Menzione di riguardo per l’odissea del gran finale – “Dreams once buried beneath the dungeon floor slowly sprout into undying gardens” – che lascia naufragare l’ascolto in un eterno giardino verdeggiante per quasi diciotto minuti di pulviscolo digitale, arpe, metalli e risciacquii di clarinetto. Il risultato è placido e rarefatto, anche quando, verso il quattordicesimo minuto, la traccia si apre verso gassosi squarci progressivi prima di planare, lentamente, verso il silenzio.
Chissà dove mai ritroveremo André dopo un’uscita così in antitesi al proprio passato, anche al netto dell’esser sempre stato vistosamente diverso dagli altri rapper suoi coevi. Adesso, viene da pensare semmai al collega David Sylvian, ai tempi anche lui un sofisticato personaggio vestito di tutto punto, che ha poi lentamente abbandonato i caroselli dell’industria per avvicinarsi alla propria arte con sguardo onnivoro e scevro di regole – una delle sue raccolte di musica ambient si chiamava non a caso “Approaching Silence”: l’arte dell’acquietare il rumore e le distrazioni di tutti i giorni per trovare pace nella sola essenza di sé.
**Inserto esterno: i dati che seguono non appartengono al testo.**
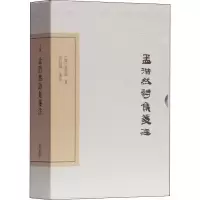 [M]孟浩然诗集笺注 典藏版 (唐)孟浩然 著 -9787532592371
Uomo maturo che accetta il proprio posto nel mondo, André 3000 è ormai talmente libero dal poter sovvertire ogni aspettativa, inclusa quella invero alquanto radicale di far fuori la propria voce in favore di curiosi strumenti a fiato. “New Blue Sun” lascerà sicuramente interdetti, molti non lo considereranno nemmeno un vero album, eppure, anche senza richiamare necessariamente le gesta dei grandi maestri del minimalismo del Novecento, i suoi solchi sono pervasi da un’ispirazione ondivaga ma sempre vitale e personale.